EoL devices are a huge liability. We need laws that require vendors to equip smart devices with remote hardkill switches, so they can be permanently disabled by the vendor when they reach EoL. A disabled smart device is better than one that can be weaponized by threat actors.
That is insane. I mostly buy and use “EOL” devices because they’re cheaper and have no issues. Recently bought my son an old Intel Mac Mini and he loves it.
You can easily still secure an EOL device- with the old Mac I just use it with the firewall on, no ports open, and a modern secure browser. There is really no attack surface from the OS which is EOL, and this old device has aged past being worth developing attacks for.
Tell that to the recent windows bug where even if you block ipv6 in your device firewall or was it even turn off the stack your device is vulnerable to specially crafted ipv6 packet
Much better legislation would be requiring that the firmware/software source be released at EOL, so that users can maintain the hardware they purchased for as long as they like.

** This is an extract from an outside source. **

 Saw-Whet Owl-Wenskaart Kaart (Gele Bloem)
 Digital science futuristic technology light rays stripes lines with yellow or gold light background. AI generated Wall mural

Probably we need both. Hardkill all devices, and let determined users resurrect their own devices with the open source firmware if needed. The point is that millions of vulnerable devices won't stay online by default.
Auto-applying security updates is actually a major threat vector. It's often easier to compromise a cloud deployment system/key rather than thousands of edge-deployed devices.
An EOL device that has withstood the test of time, and has had many security patches but is no longer connected if often one of the most secure devices.